Brief descriptive captions
**********

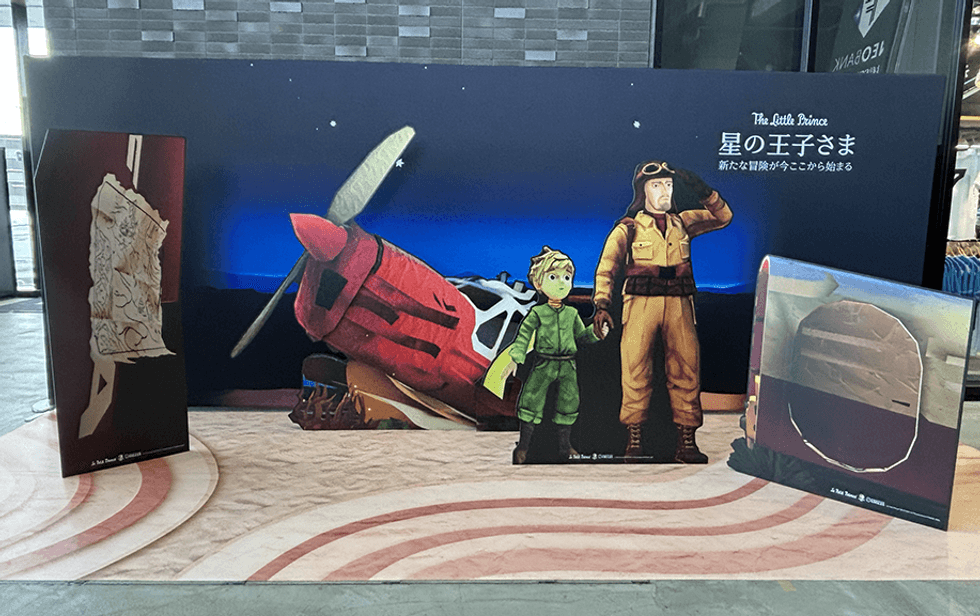 Cardboard cutouts of "The Little Prince" and pilot beside a red plane at a display.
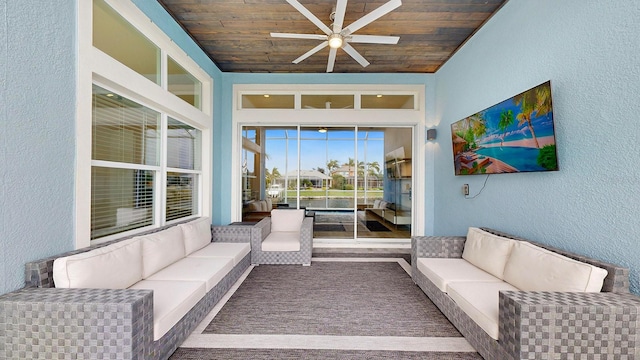 living room with ceiling fan and wooden ceiling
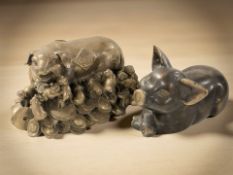 Two Chinese patinated figures of pigs, largest 18 cm wide.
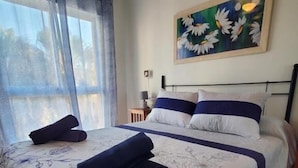 A neatly made bed with floral bedding, a painting of daisies on the wall, and a window with curtains.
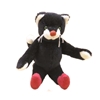 Cat made of black mohair is sitting, with red shoes, white hands, ears and snout and red nouse.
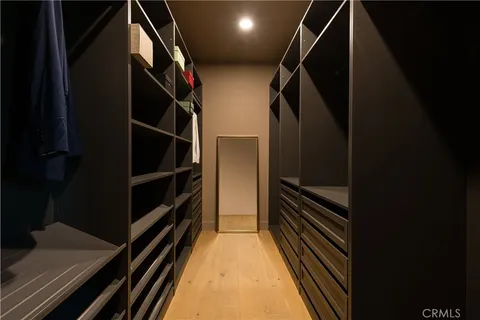 a bathroom with a granite countertop sink mirror vanity and toilet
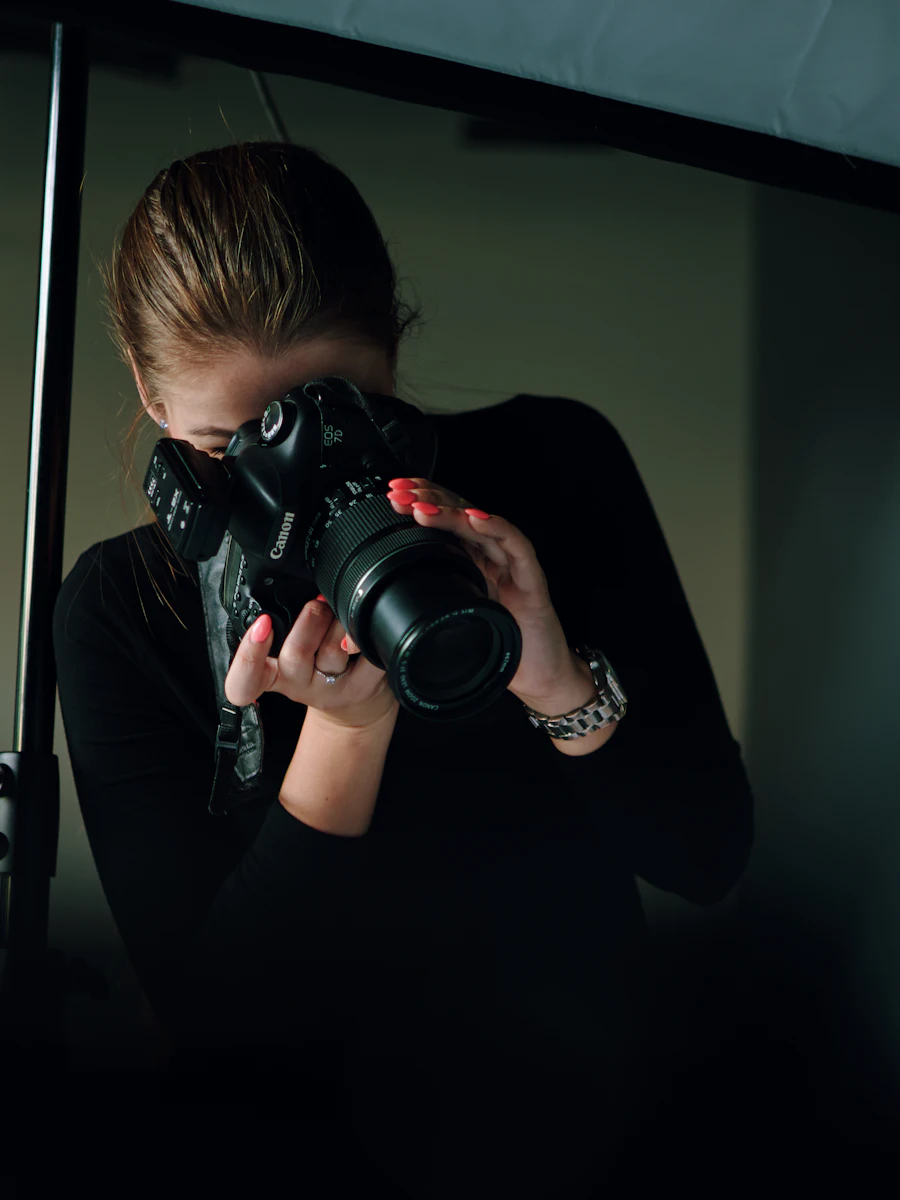 A photographer holding a camera to their eye in low studio light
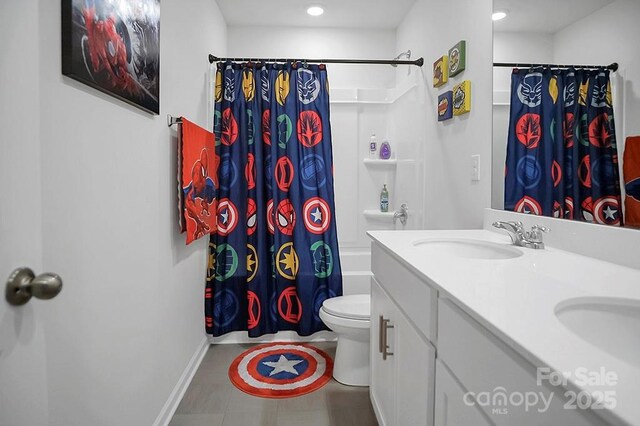 2013 Eastway Dr, Dallas, NC 28034 - bathroom with shower / bathtub combination with curtain, double vanity, toilet, recessed lighting, and baseboards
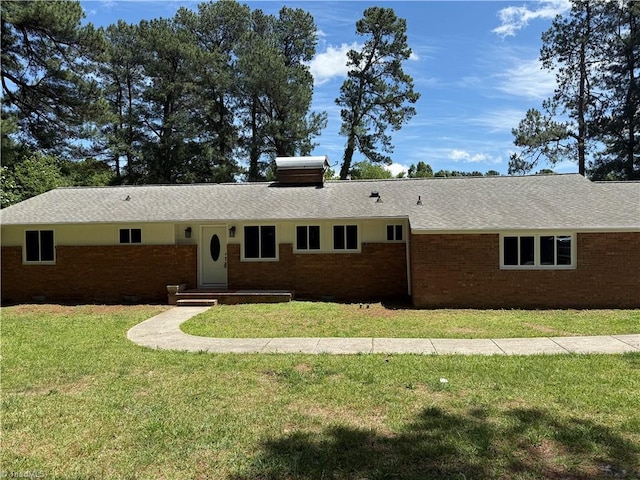 4115 Rose Lake Dr, Greensboro, NC 27407 - view of front of home featuring brick siding, a front yard, and roof with shingles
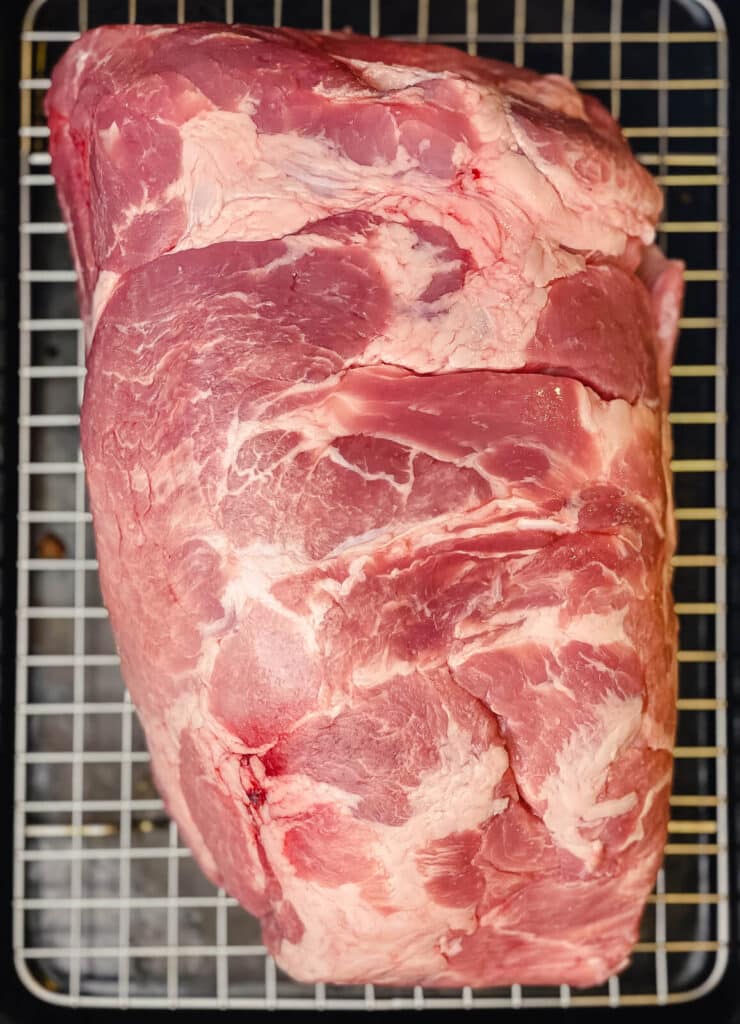 uncooked pork shoulder sitting on a wire rack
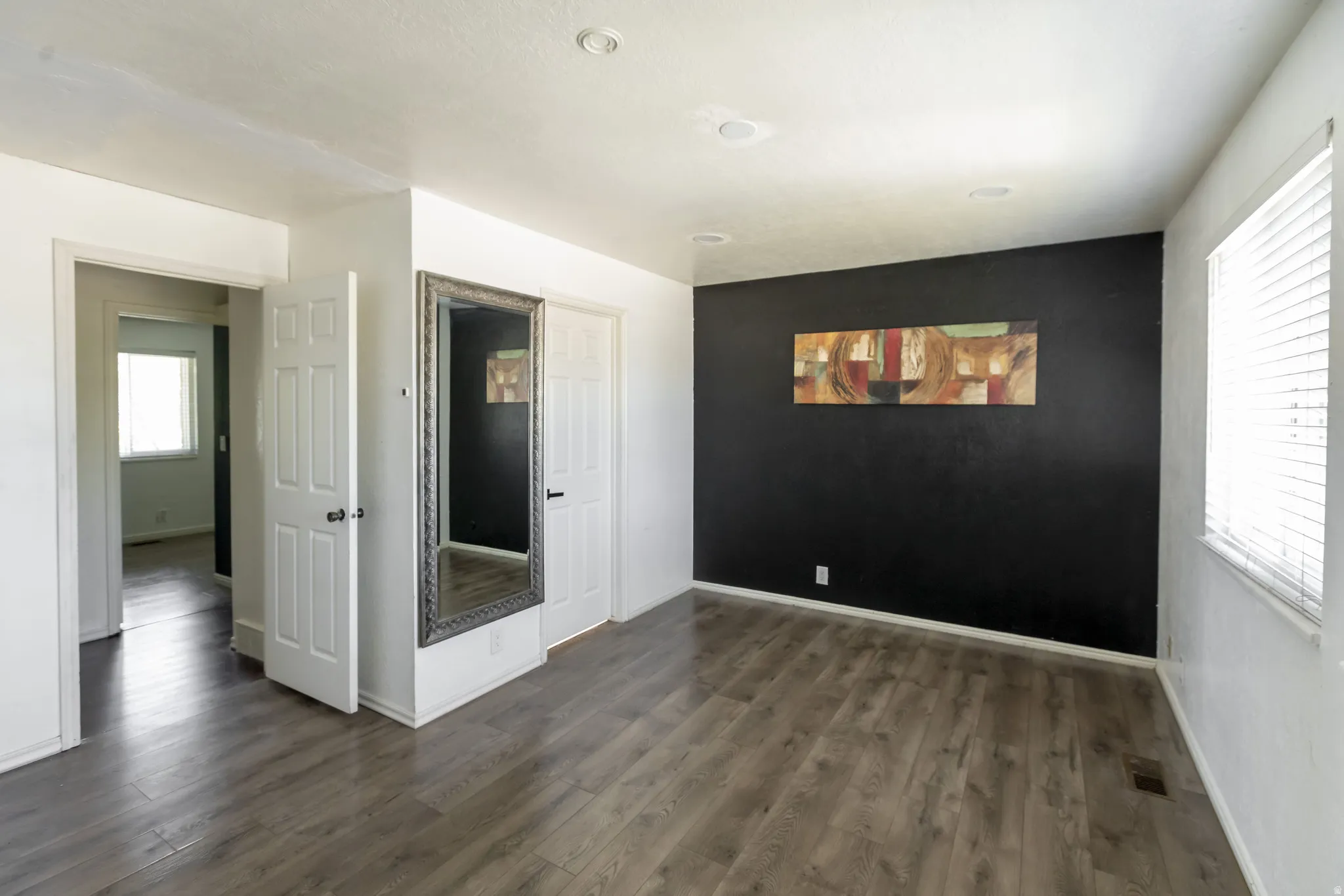 Interior room featuring wood-finish flooring and recessed ceiling lights
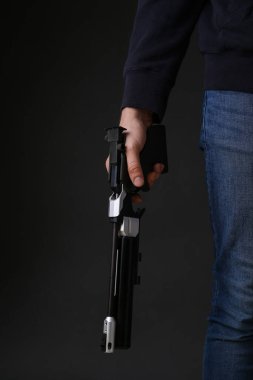 Atış sporu. Karanlık arka planda standart tabanca tutan adam, yakın plan.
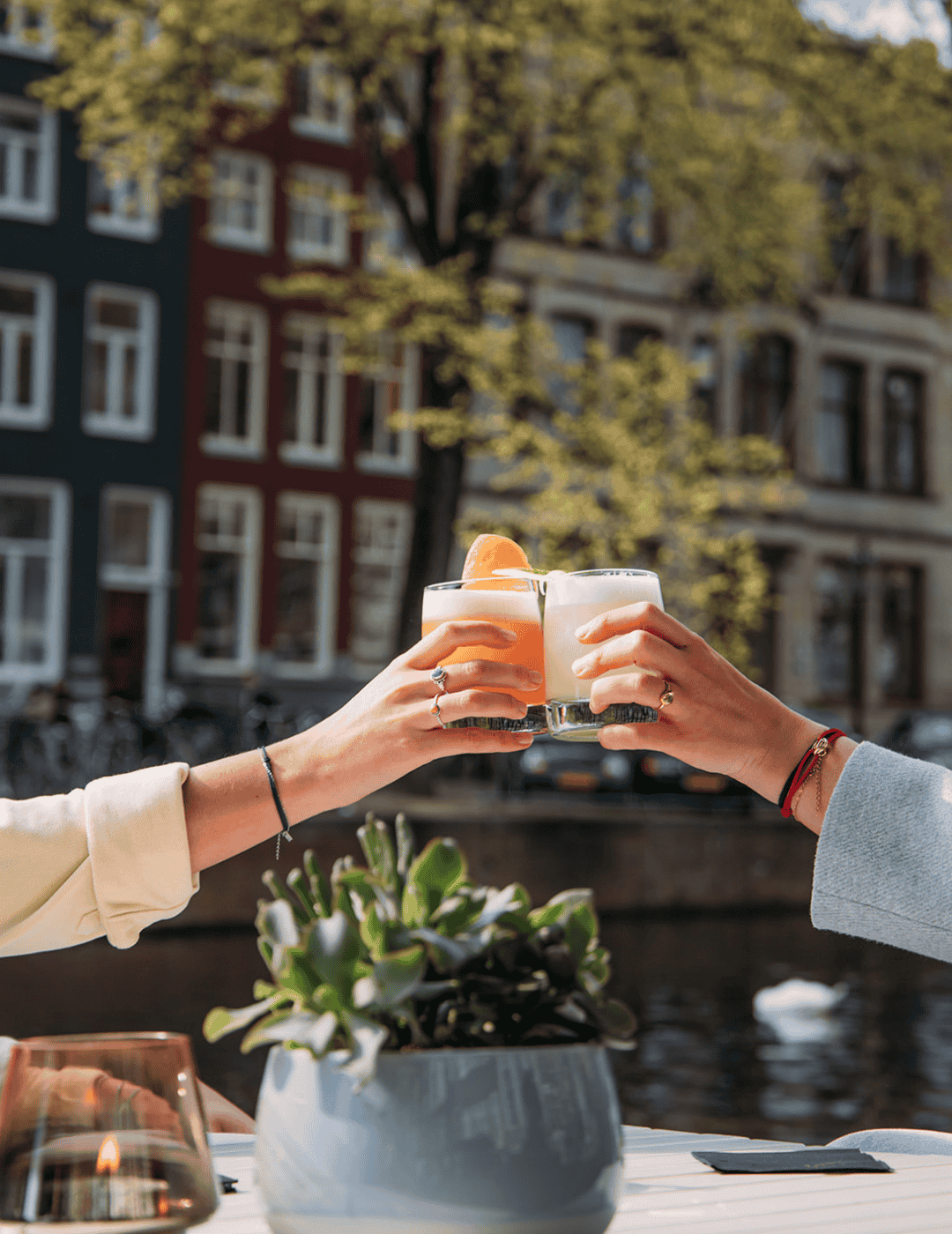 Guests raising their glasses for a toast on the terrace at the ambassade hotel.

**********

* _EXERCISE BRIEF_: Write out exactly the stretch of lines that begins with the line containing "A photographer holding" and ends with the last line of the records above, leaving out the pictures.

* _YOUR SOLUTION_:
 A photographer holding a camera to their eye in low studio light
 2013 Eastway Dr, Dallas, NC 28034 - bathroom with shower / bathtub combination with curtain, double vanity, toilet, recessed lighting, and baseboards
 4115 Rose Lake Dr, Greensboro, NC 27407 - view of front of home featuring brick siding, a front yard, and roof with shingles
 uncooked pork shoulder sitting on a wire rack
 Interior room featuring wood-finish flooring and recessed ceiling lights
 Atış sporu. Karanlık arka planda standart tabanca tutan adam, yakın plan.
 Guests raising their glasses for a toast on the terrace at the ambassade hotel.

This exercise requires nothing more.